A dominant mutation in RPE65 identified by whole-exome sequencing causes retinitis pigmentosa with choroidal involvement.

Linkage testing using Affymetrix 6.0 SNP Arrays mapped the disease locus in TCD-G, an Irish family with autosomal dominant retinitis pigmentosa (adRP), to an 8.8 Mb region on 1p31. Of 50 known genes in the region, 11 candidates, including RPE65 and PDE4B, were sequenced using di-deoxy capillary electrophoresis. Simultaneously, a subset of family members was analyzed using Agilent SureSelect All Exome capture, followed by sequencing on an Illumina GAIIx platform. Candidate gene and exome sequencing resulted in the identification of an Asp477Gly mutation in exon 13 of the RPE65 gene tracking with the disease in TCD-G. All coding exons of genes not sequenced to sufficient depth by next generation sequencing were sequenced by di-deoxy sequencing. No other potential disease-causing variants were found to segregate with disease in TCD-G. The Asp477Gly mutation was not present in Irish controls, but was found in a second Irish family provisionally diagnosed with choroideremia, bringing the combined maximum two-point LOD score to 5.3. Mutations in RPE65 are a known cause of recessive Leber congenital amaurosis (LCA) and recessive RP, but no dominant mutations have been reported. Protein modeling suggests that the Asp477Gly mutation may destabilize protein folding, and mutant RPE65 protein migrates marginally faster on SDS-PAGE, compared with wild type. Gene therapy for LCA patients with RPE65 mutations has shown great promise, raising the possibility of related therapies for dominant-acting mutations in this gene.

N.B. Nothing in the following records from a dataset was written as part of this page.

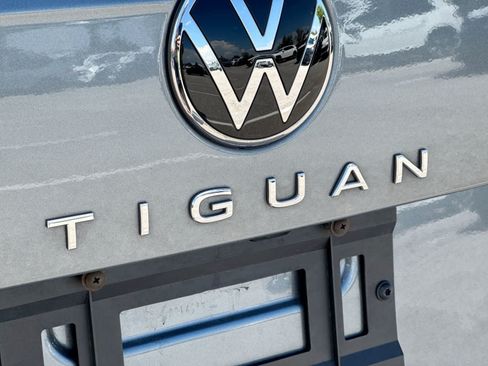 Used 2023 Volkswagen Tiguan SE FWD image 19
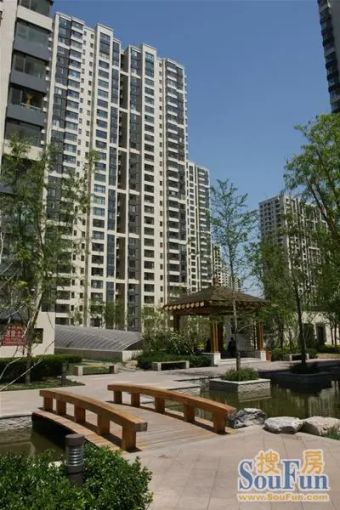 北京新天地2室1厅1卫南朝向6500.00元/月出租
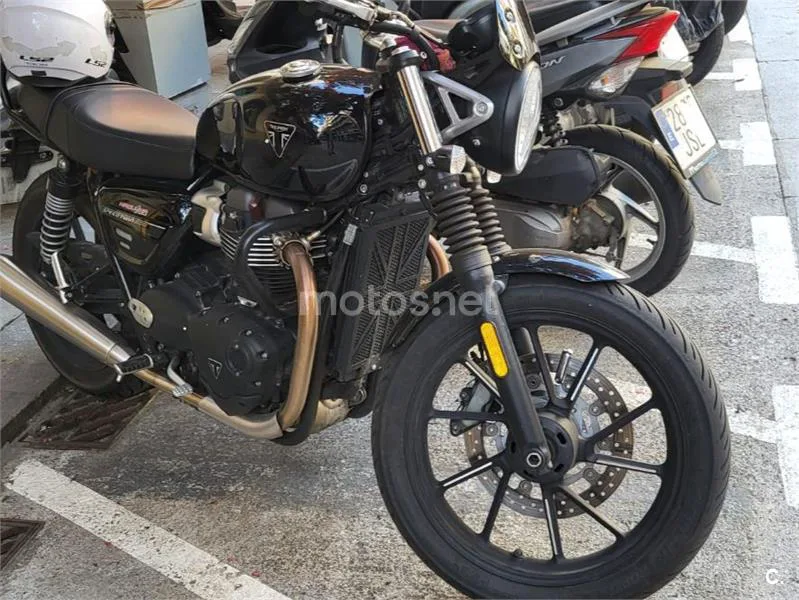 Triumph Speed Twin 900 - Vista 11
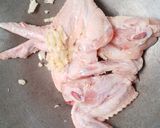 Foto langkah ke 1 dari resep Ayam Goreng Bawang.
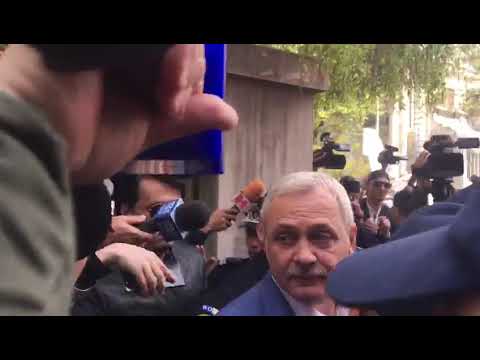 Mediafax 15 Aprilie - Dragnea a ieșit în aplauze și huiduieli de la ICCJ. Procesul a fost amânat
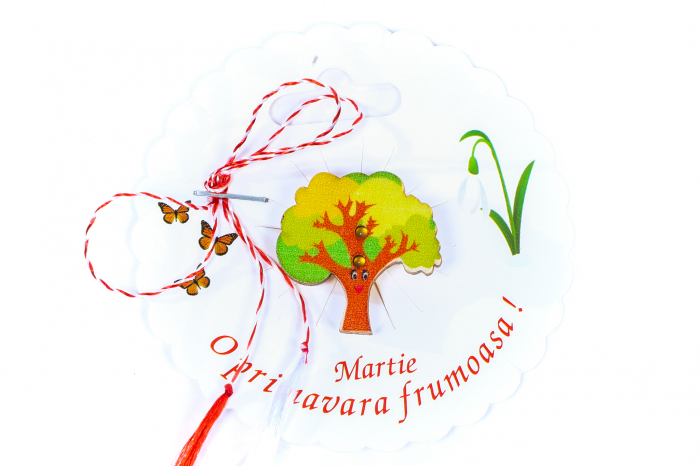 Martisor-brosa cu un copacel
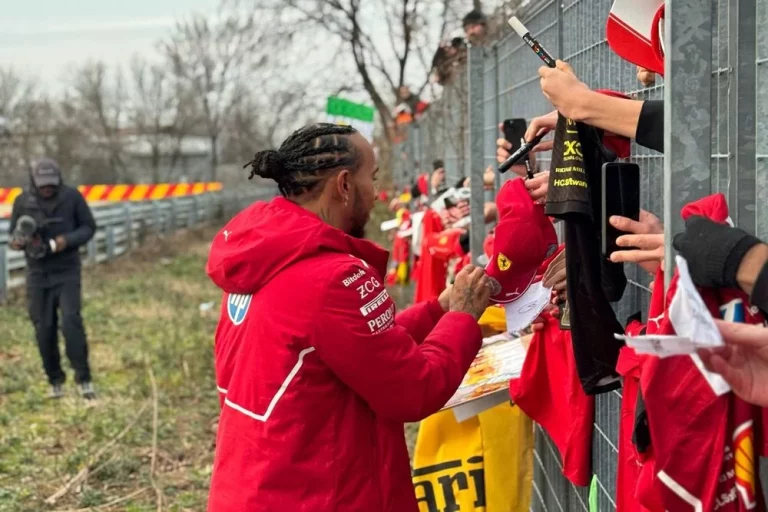 El fan de Lewis Hamilton al que no quieren volver a ver por Maranello: Esta es la que ha liado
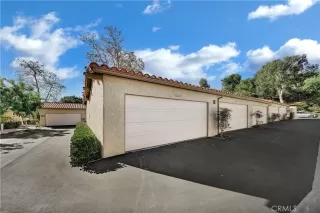 Photo #5: OC23038719 Listing 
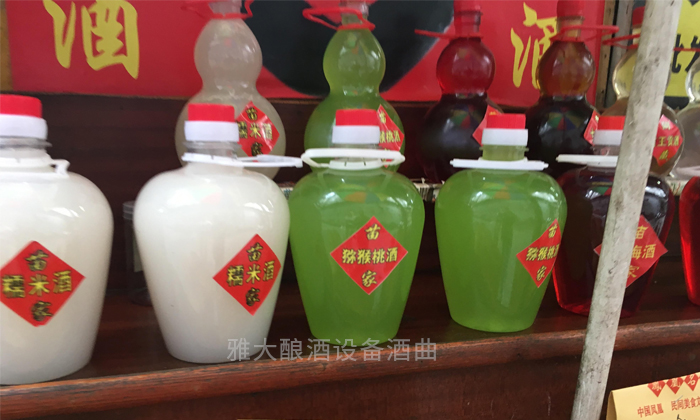 2-「蒸酒設(shè)備」這酒在市面上很少見(jiàn)，據(jù)說(shuō)是用獼猴桃做的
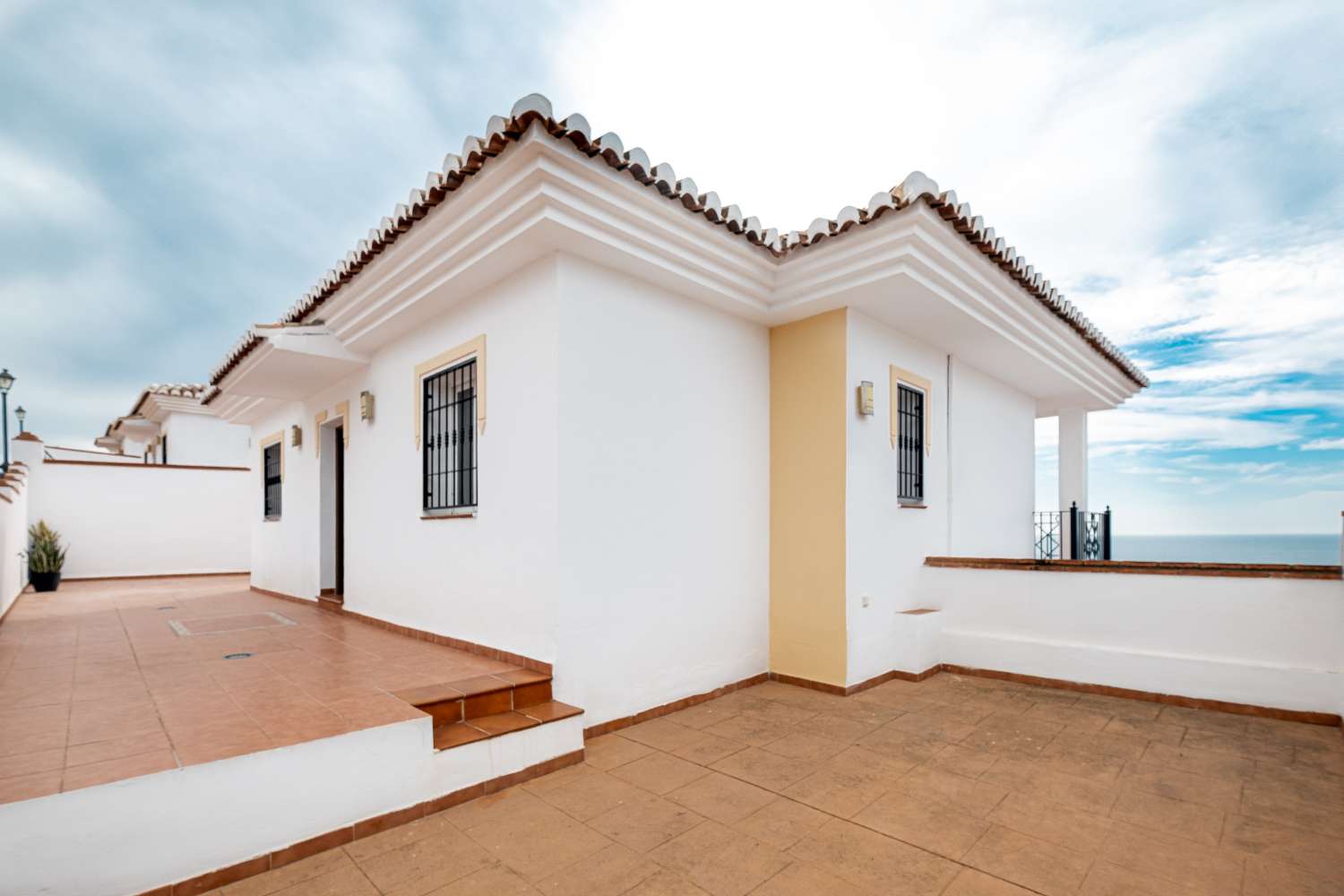 Schöne unabhängige Villa im Torrox Park in perfektem Zustand und mit atemberaubendem Meerblick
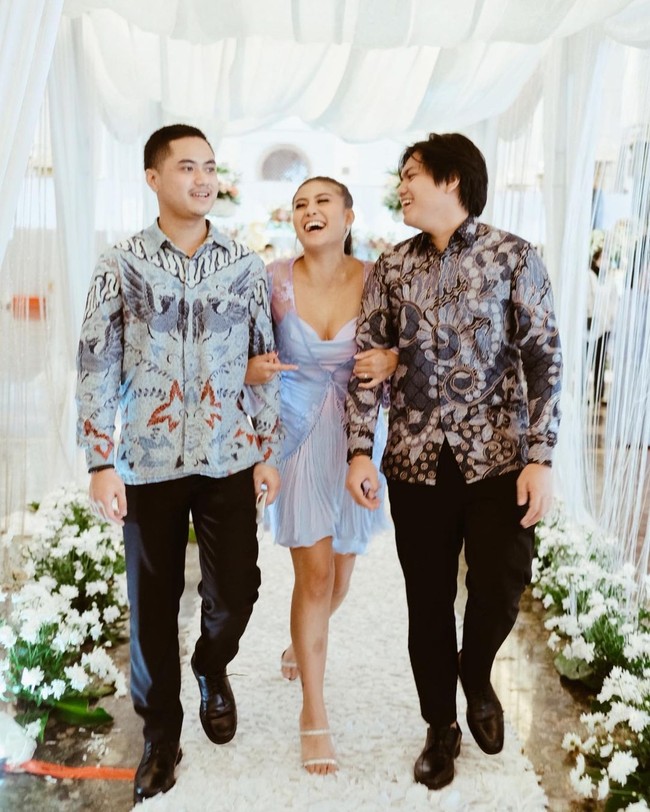 Awkarin bahkan terlihat berpose menggandeng kedua mantannya itu dan mengunggahnya di Instagram pribadinya. Tak sedikit yang memuji Awkarin karena bisa tetap akur dengan para mantannya. Foto: Instagram/@awkarin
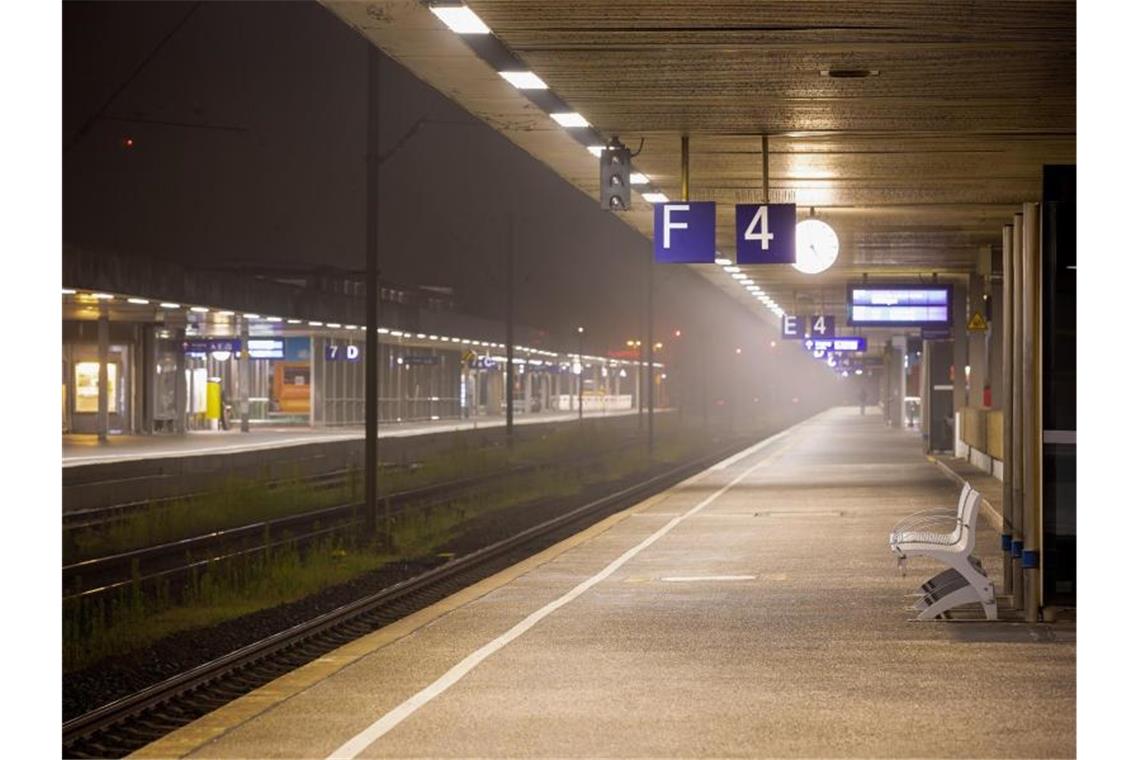Ein leerer Bahnsteig im Hauptbahnhof von Hannover. Foto: Moritz Frankenberg/dpa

Toward a gene therapy for dominant disease: validation of an RNA interference-based mutation-independent approach.

The intragenic heterogeneity encountered in many dominant disease-causing genes represents a significant challenge with respect to development of economically viable therapeutics. For example, 25% of autosomal dominant retinitis pigmentosa is caused by over 100 different mutations within the gene encoding rhodopsin, each of which could require a unique gene therapy. We describe here an RNA interference (RNAi)-based mutation-independent approach, targeting as an example murine rhodopsin. Native transcripts are suppressed by a single RNAi molecular species, whereas transcripts from replacement genes engineered at degenerate third-codon wobble positions are resistant to suppression. We demonstrate suppression of murine rhodopsin transcript by up to 90% with full concomitant expression of replacement transcript and establish the validity of this approach in cell culture, retinal explants, and mouse liver in vivo.